This is my second blog post....April 2018
A quilt lamenting the demise of specialist quilt and needlecraft shops got me thinking about the number of such shops around the country that have closed over the past eighteen months. We head to the internet looking for bargains, but when we bypass our local retailers we risk losing them. If a local shop closes we lose more than just a place to buy fabric.
The local quilt shop offers experiences and services, such as classes, that the internet can't match. While You Tube gives useful demonstrations, there is no substitute for the guidance and input of a real live teacher, who can respond to your particular query and work alongside you to find a solution.
Quilt shops also provide advice and expertise on design, pattern and colour choices. Often employees of a quilt shop are experienced quilters and embroiderers themselves and can thus give good advice when helping you choose thread, embellishments, batting and tools to help you undertake your project. Some shops run stitching groups which become social hubs for those who participate.
By shopping on line you deny yourself the pleasure of actually seeing and handling the products before you buy. I enjoy flicking through the pages of books and magazines at Minerva. I then know what the content is like and if it is what I really want. I love visiting quilt shops. Each one has a different aesthetic. While the internet offers limitless choice, sometimes a judiciously edited, more limited range can actually help you choose. Finally there is no substitute for stroking the fabric.
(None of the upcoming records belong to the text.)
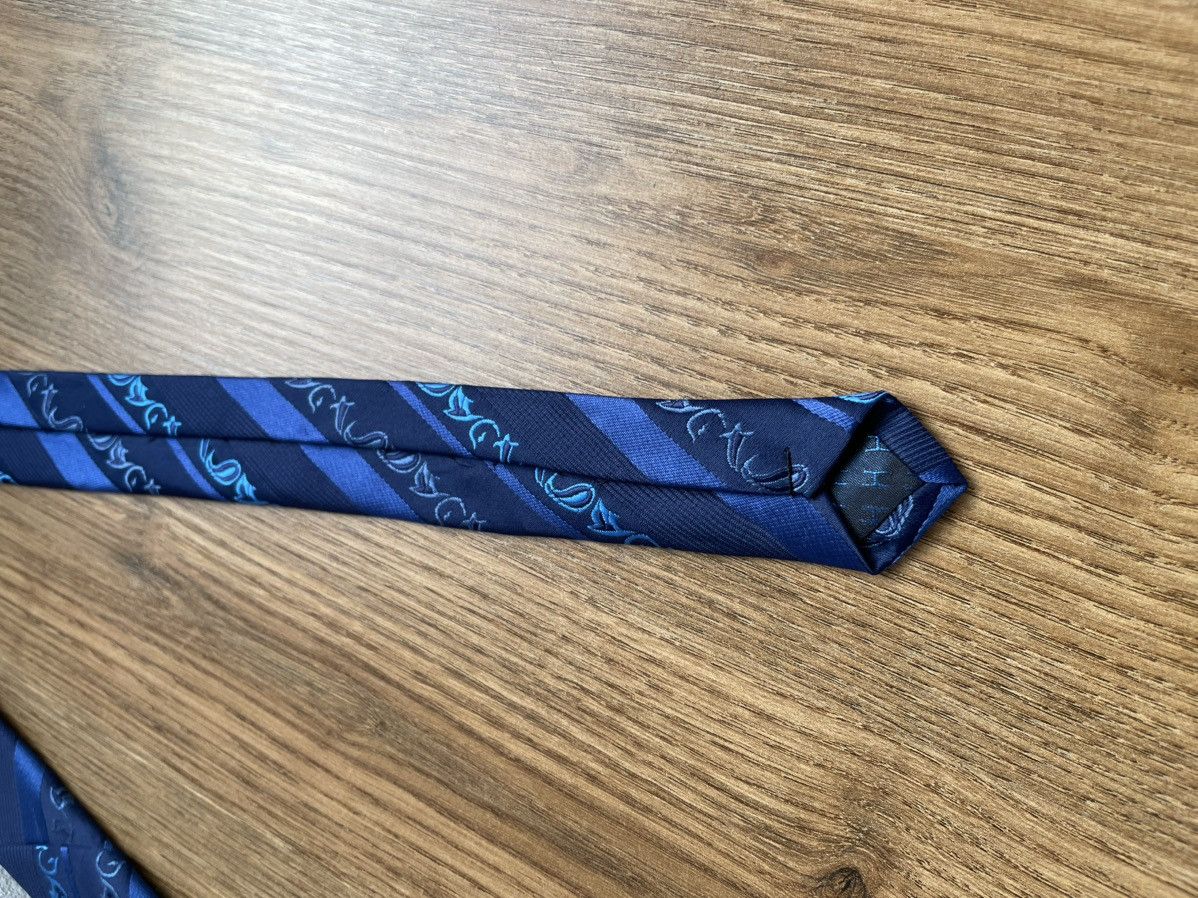 Hermes Hermes Silk Tie Size ONE SIZE - 11 Thumbnail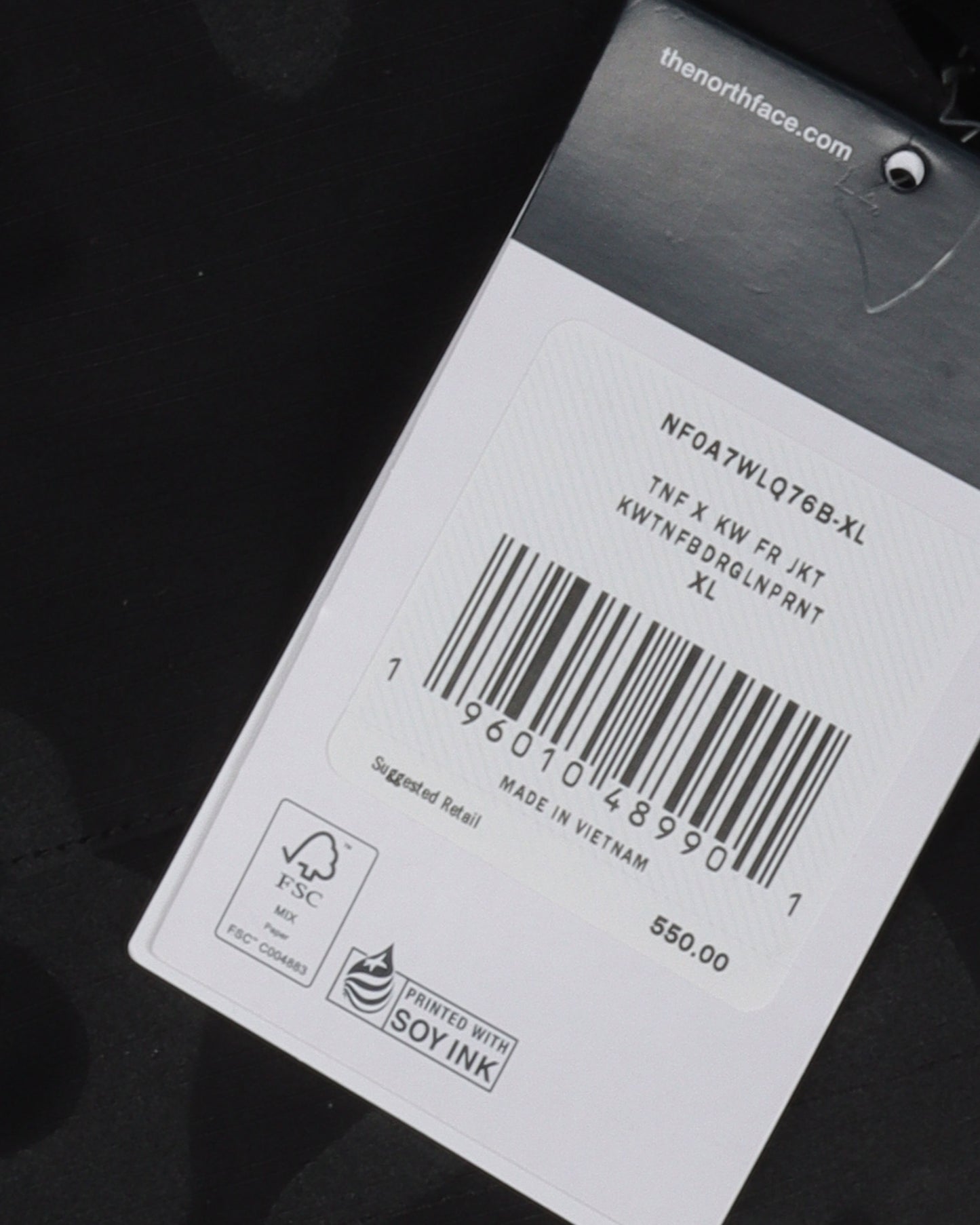 North Face Mountain Jacket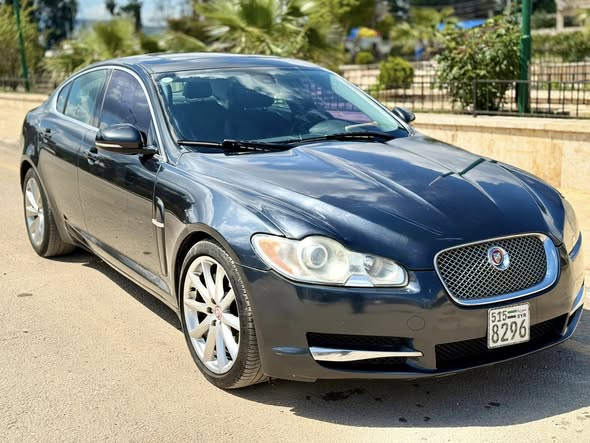 جاكوار اكس اف 2011 - صورة 2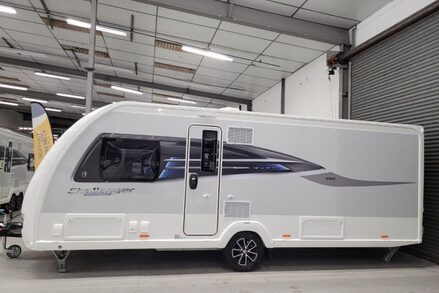 Swift Challenger Grande 2025 Swift Challenger 580 Grande Exclusive 4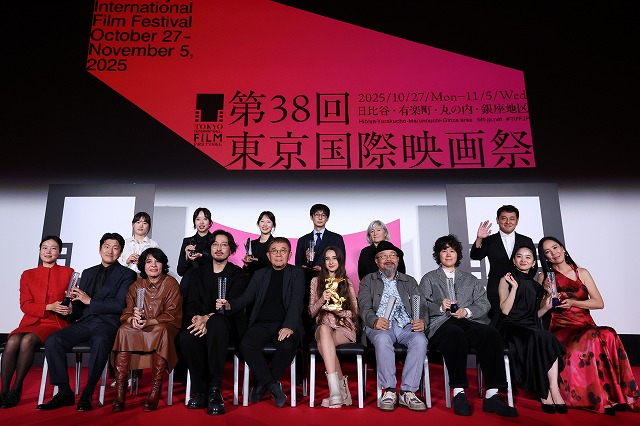 „МАЈКА“ НА ТЕОНА МИТЕВСКА ОСВОИ НАГРАДА ЗА УМЕТНИЧКИ ПРИДОНЕС НА ФИЛМСКИ ФЕСТИВАЛ ВО ТОКИО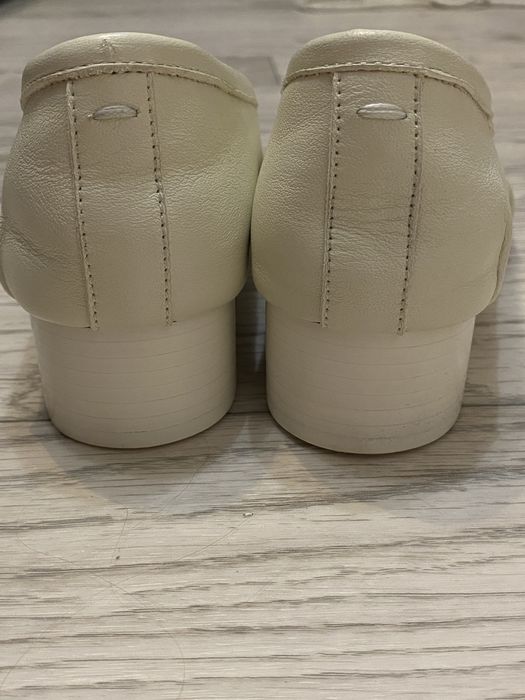 Балетки Maison Margiela Tabi, размер 41.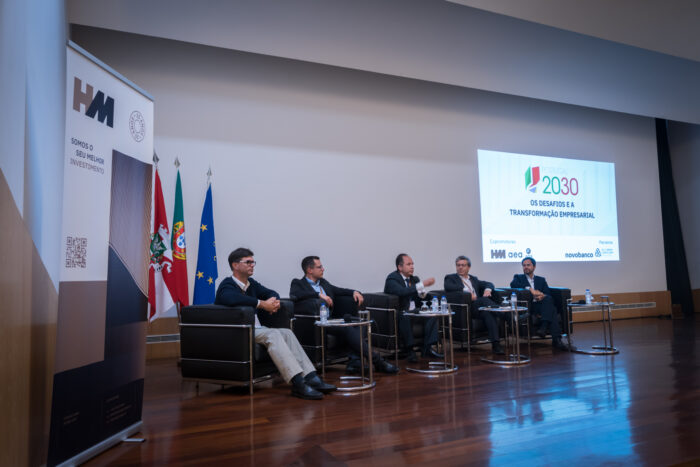 Evento Portugal 2030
Fyvie Murray, WQ president
This is my first blog post ...February 2018
Happy new year everyone! The Christmas rush is now a dim memory and the long, hot days of summer stretch before us – not the best conditions in which to quilt, but a good time to think and plan. WQ's have an exhibition coming up in October so it would be a good idea for members to reassess that half-finished project, and think about the finishing touches that will make your heart, and the quilt, sing. Or begin planning a new project that you have really wanted to do but kept putting off. Sometimes having a deadline can galvanise us into bringing a project to the finish line.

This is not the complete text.